Atlantique, latitude 41° (A Night to remember) – de Roy Ward Baker – 1958
Le film de référence sur le naufrage du Titanic, quarante ans avant celui de Cameron, qui s’en inspirera d’ailleurs beaucoup, jusqu’à reprendre une poignée de séquences comme la soirée de danses improvisées dans les dortoirs des troisièmes classes, ou ce vieux couple qui décide de mourir ensemble. Cameron citera même Atlantique, latitude 41° en copiant au moins un plan à l’identique : ce petit travelling vers les deux vigies qui voient l’iceberg se rapprocher, trop tard pour réagir…

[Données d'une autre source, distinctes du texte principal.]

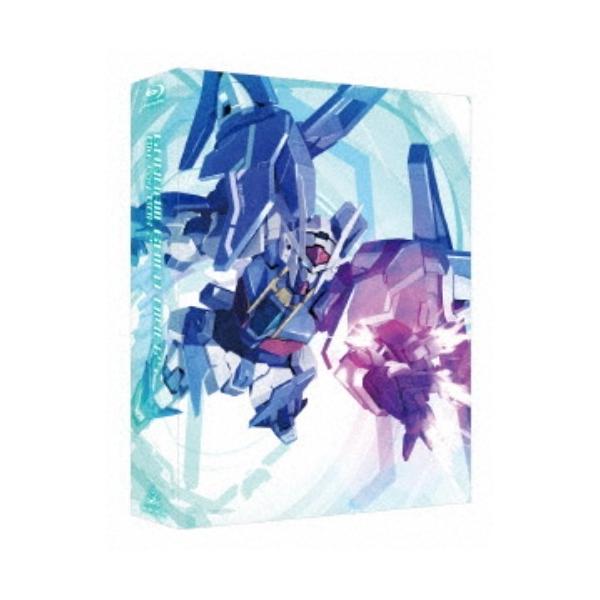 ガンダムビルドダイバーズ Blu-ray BOX 2［スタンダード版］《特装限定版》 (初回限定) 【Blu-ray】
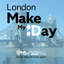 MakeMyDayLondon icon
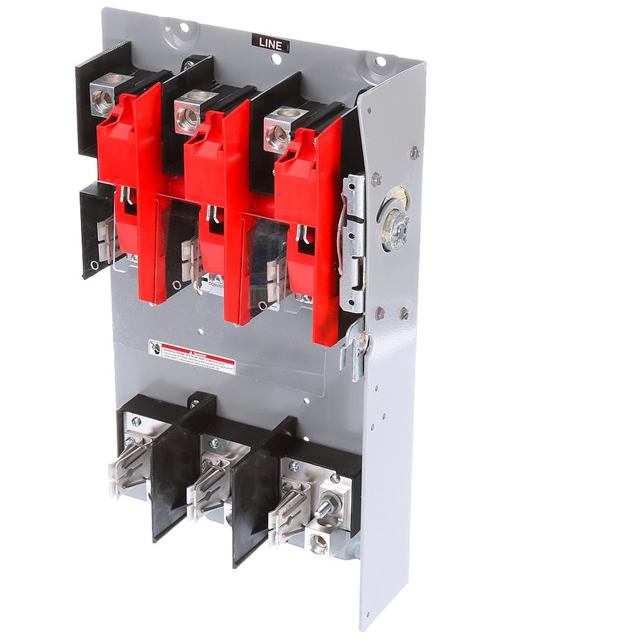 VBFS364F Siemens Accessori per la protezione dei circuiti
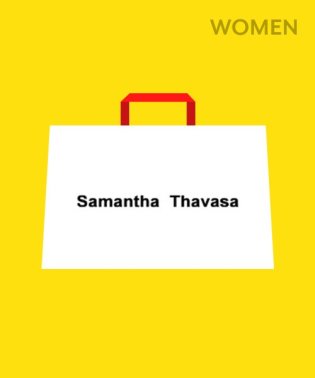 Samantha Thavasa 福袋 2024年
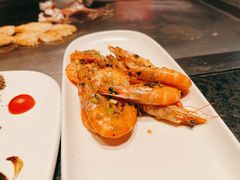 -火地铁板烧(昆山万象汇店)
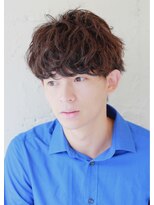 ピチカート(pizzicato) 『ルーズマッシュ』×『ツイストスパイラル』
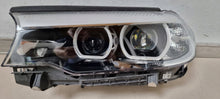 Load image into Gallery viewer, Frontscheinwerfer BMW G30 7439203 LED Links Scheinwerfer Headlight SCH9652788784jz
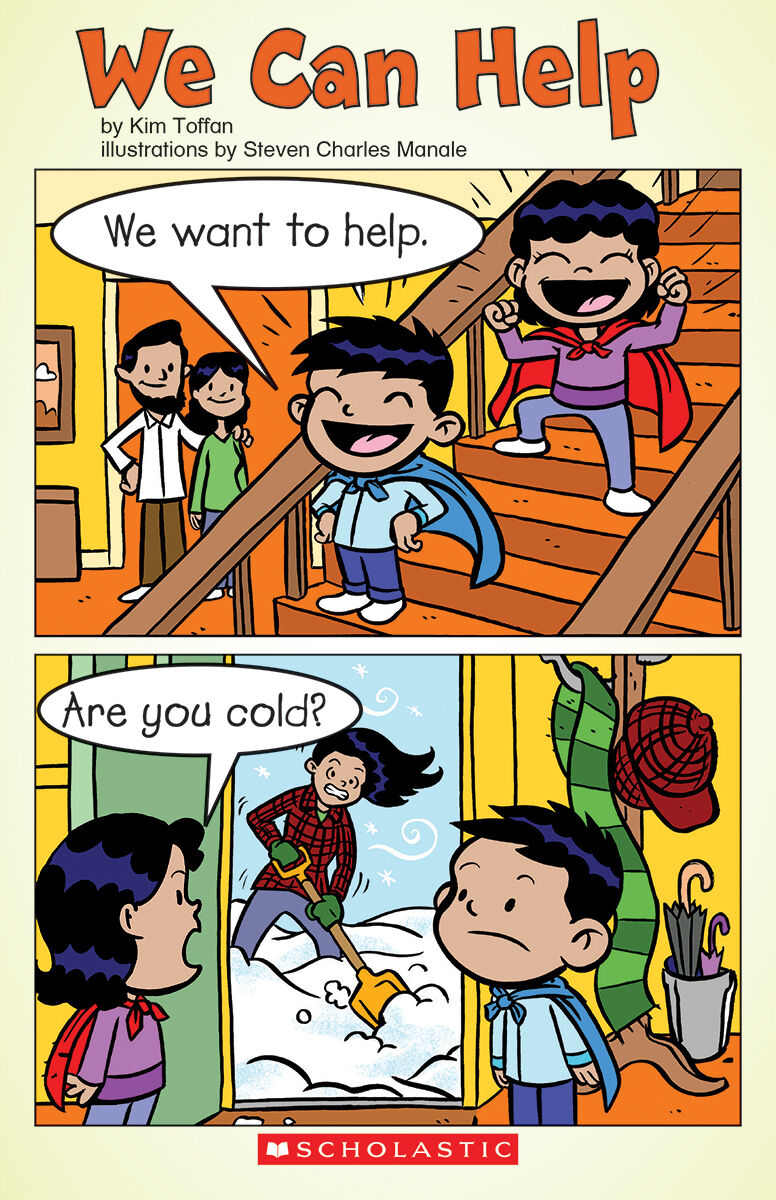 Literacy Place PLUS Grade 1 Small-Group Shared/Guided Library Pack image number 9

Le film de Roy Ward Baker impressionne à la fois par une précision presque clinique dans sa narration, et par le flegme absolu de ses personnages, véritable ode énamourée à la fameuse dignité british. Contrairement au triomphe futur de Cameron, le film est ainsi remarquablement dénué de surdramatisation, à de très rares exceptions près autour de l’instant ultime du naufrage, comme si le réalisateur et son scénariste n’avaient alors plus suffisamment foi en la seule force des images.

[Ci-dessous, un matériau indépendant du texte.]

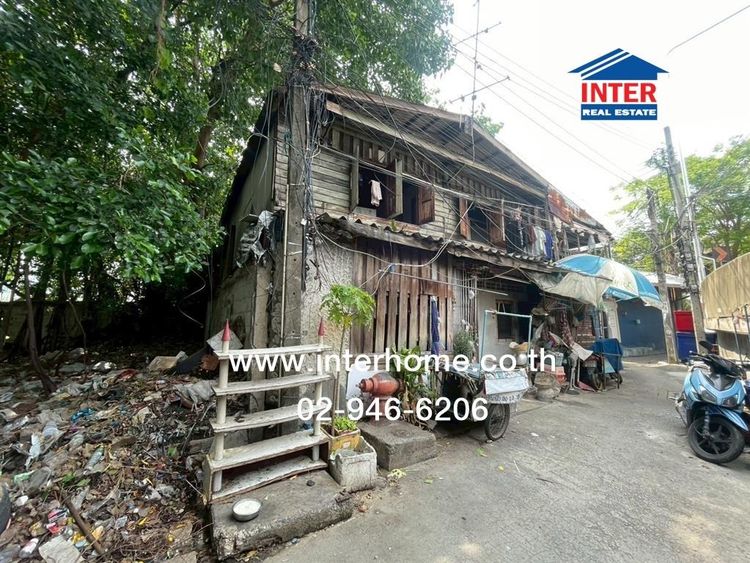 ไม่ใช่ ที่ดิน+บ้าน 23 ตร.ว. ที่ดิน+บ้าน ซอยเพชรบุรี37 ถนนสุขุมวิท ถนนเพชรบุรี เขตราชเทวี กรุงเทพมหานคร รูปที่ 2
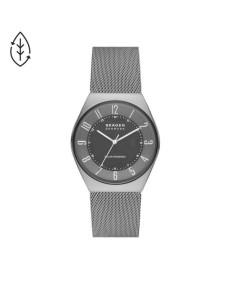 Skagen Stainless Steel SKW6836 Watch - TicTacArea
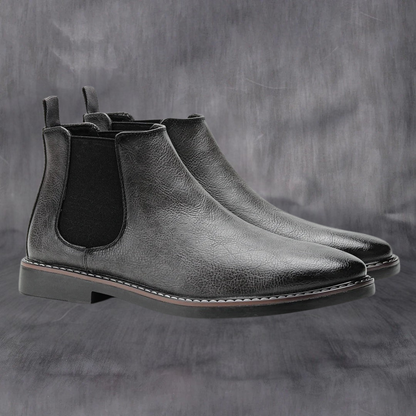 Sanford | Klassische Chelsea Boots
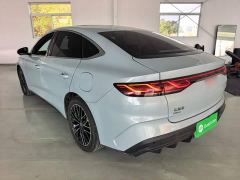 BYD Qin L DM-i 120KM Excellence - photo 4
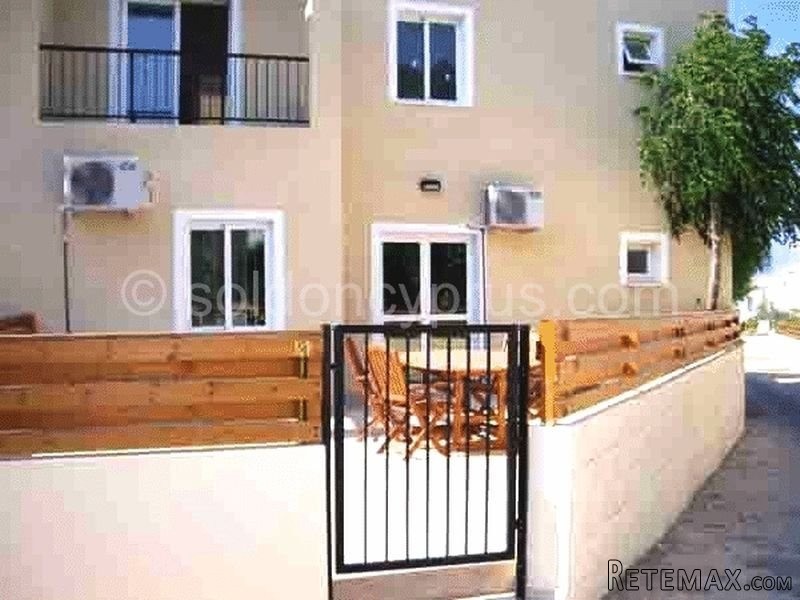 1 Bedroom - Apartment - Famagusta - For..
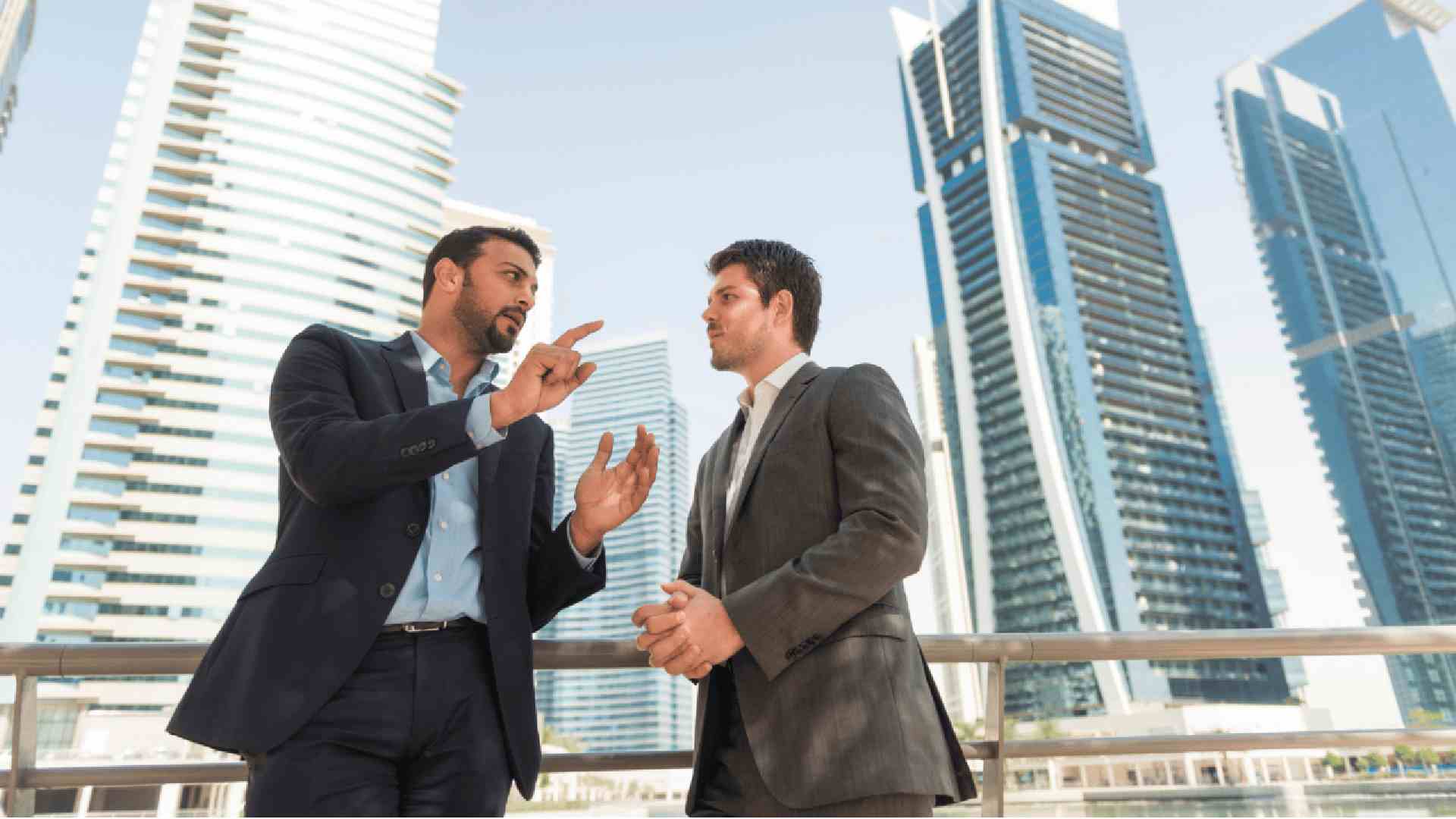 investment opportunities in Dubai 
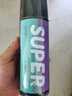 宿帕（SUPER）小白鞋泡沫清洁液椰子球鞋洗护清洗剂免水洗干洗型麂皮网面洗鞋 泡沫清洁单瓶 实拍图
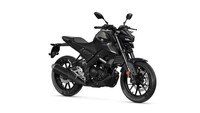 Yamaha MT125 baru secara keseluruhan masih sama seperti model sebelumnya. Hanya saja, pabrikan memberikan sentuhan minor di bagian fitur atau teknologi. Foto: Doc. Yamaha Europe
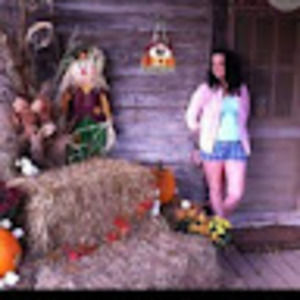 Meet your Posher, Michele h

Le film tire sa force de ce flegme à toute épreuve, de cette approche qui mine de rien place tous les personnages sur un même plan. Braves ou couards, dignes ou pathétiques, tous sont des victimes sur lesquelles, quelles que soient leurs actions, la caméra de Baker ne porte jamais le moindre jugement. Cameron n’aura pas la même empathie absolue.
L’empathie n’empêche d’ailleurs pas la conscience : celle de l’inégalité de cette vieille Angleterre qui sauve ses puissants avec élégance tout en parquant les troisièmes classes dans le ventre du bateau sur le point d’être englouti par les flots. Un thème bien présent, même si jamais surinterprété, toujours en filigrane.

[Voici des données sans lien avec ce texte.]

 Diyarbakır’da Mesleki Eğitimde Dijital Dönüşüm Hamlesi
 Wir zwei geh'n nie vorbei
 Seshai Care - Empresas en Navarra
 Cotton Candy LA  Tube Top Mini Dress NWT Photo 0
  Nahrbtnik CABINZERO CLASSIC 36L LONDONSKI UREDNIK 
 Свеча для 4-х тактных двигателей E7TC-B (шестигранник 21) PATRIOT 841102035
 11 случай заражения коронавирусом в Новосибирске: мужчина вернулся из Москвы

Le film n’a pas cette construction si typique de film catastrophe (que Cameron adoptera, lui), avec cette longue première partie qui permet de mieux connaître les personnages et de renforcer les drames personnels. Pas de ça ici : c’est dans le drame que les personnages révèlent leurs personnalités. Le drame n’en est pas moins fort. Et même si la grandiloquence du discours final vient un peu plomber cette émotion, le film reste une référence, pour sa précision et sa construction, remarquable.